ペルーのマルティン・ビスカラ大統領は9月30日交付の大統領令(165-2019-PCM号)で、国会の解散を宣言した。原因として大統領は、同日にサルバドール・デル・ソラール・ラバルテ首相が提出した内閣信任決議案が否決されたためとしている。同決議案は2017年9月にも否決されており、憲法第134条では、国会任期中に2度否決された場合、大統領はその国会の解散権限を得ると規定されている。新たな国会議員の選出については、2020年1月26日に実施することが大統領令に明記された。それまでは各政党の代表で構成される常任委員会が国会の最低限の活動に従事することになる。

解散宣言の背景には、7月28日に大統領が示した自身ならびに国会の任期短縮案に関る議会側との攻防がある(2019年8月6日記事参照)。議会は任期短縮案を9月26日に否決するとともに、憲法裁判所の判事7人のうち任期満了を迎える6人の選出を野党側に有利なかたちで進めていた。これに反発したビスカラ大統領は、憲法裁判所の判事選出の不透明性を理由に、選出方法の見直しを行うため、内閣信任決議案を9月30日の判事選出投票直前に提出した。しかし、議会は投票を継続し判事1人を選出したことから、ビスカラ大統領はこれを同決議案の否決と判断した。判事選出後に議会は内閣信任決議案を承認したが、ビスカラ大統領は前述の憲法134条を根拠に議会解散を宣言。

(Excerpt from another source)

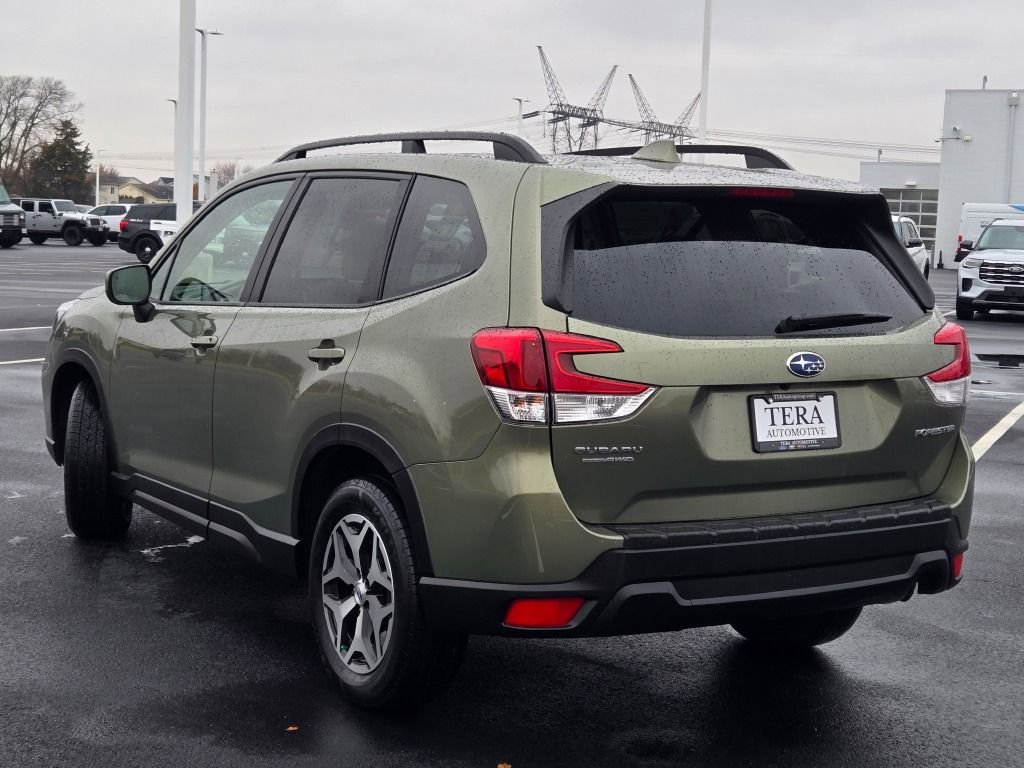 Used 2019 Subaru Forester Premium image 14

これに対して、議会は解散令を違憲として、ビスカラ大統領を「一時的不適格」を理由に1年間の職務停止案を可決し、その間の臨時大統領としてメルセデス・アラオス第1副大統領を選出した。アラオス氏はその場で就任の宣誓を行い、米州機構に対してビスカラ大統領による議会解散が違憲であり、解決のための仲介を依頼する考えを示したものの、10月1日夜には辞任する意向をツイッターで発表した。米州機構は10月1日のプレスリリースで、今回の問題の解決権限はペルー憲法裁判所にあるとし、ビスカラ大統領による議会の選挙日公示と国民に委ねる姿勢を評価するコメントを発表した。

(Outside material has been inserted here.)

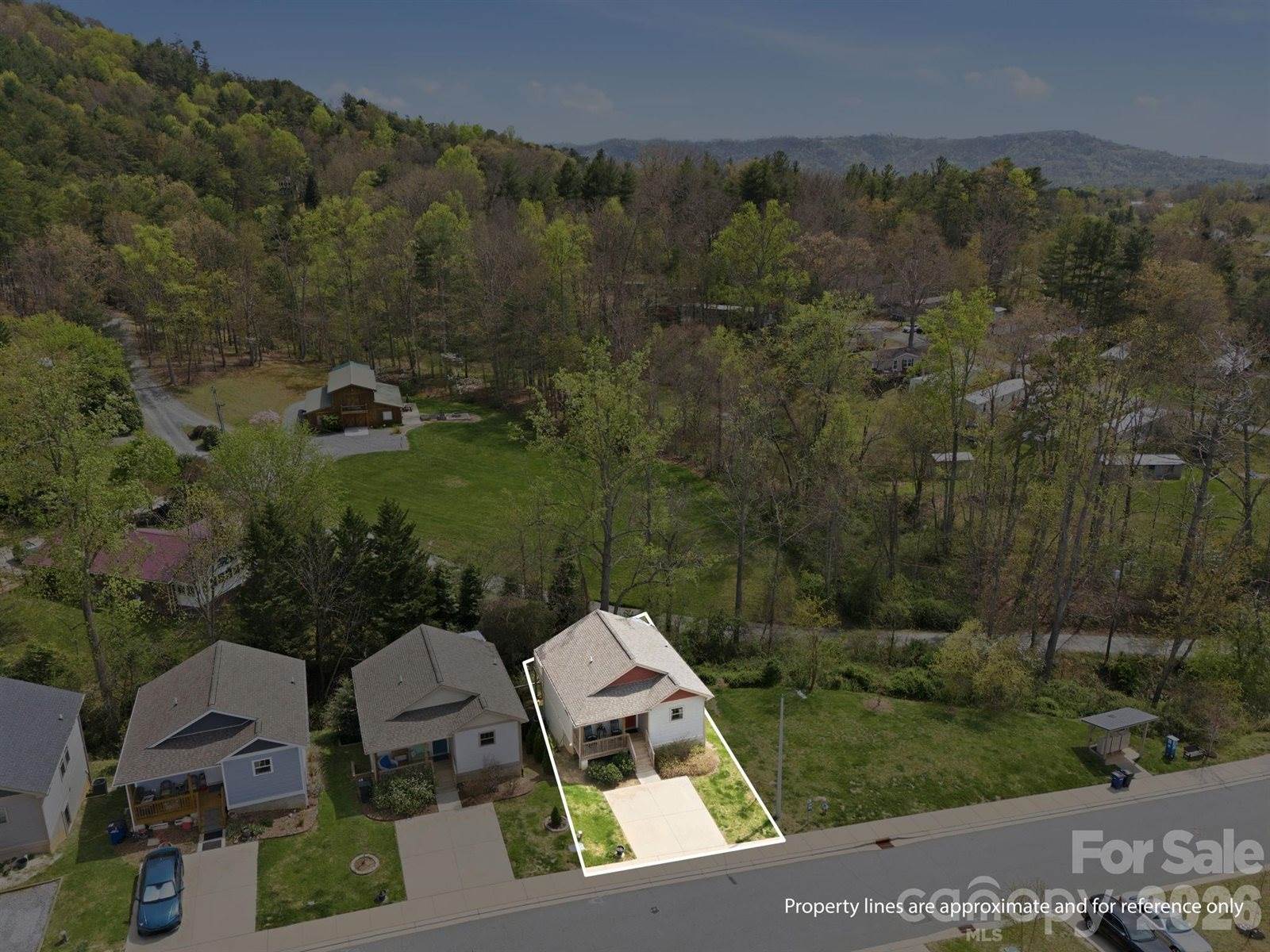 5 Lillie Farm Lane, Weaverville, NC 28787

多くの国民は大統領への支持を表明している。さらに、軍部や警察も支持を即日表明。全ての地方自治体で組織する地方自治体全国議会も支持を表明した。一方で、ペルー経団連(CONFIEP)のマリア・イサベル・レオン会長は、混乱によるビジネスへの影響を懸念し、解散宣言不支持を表明しており、収束の見通しが立たない状況が続いている。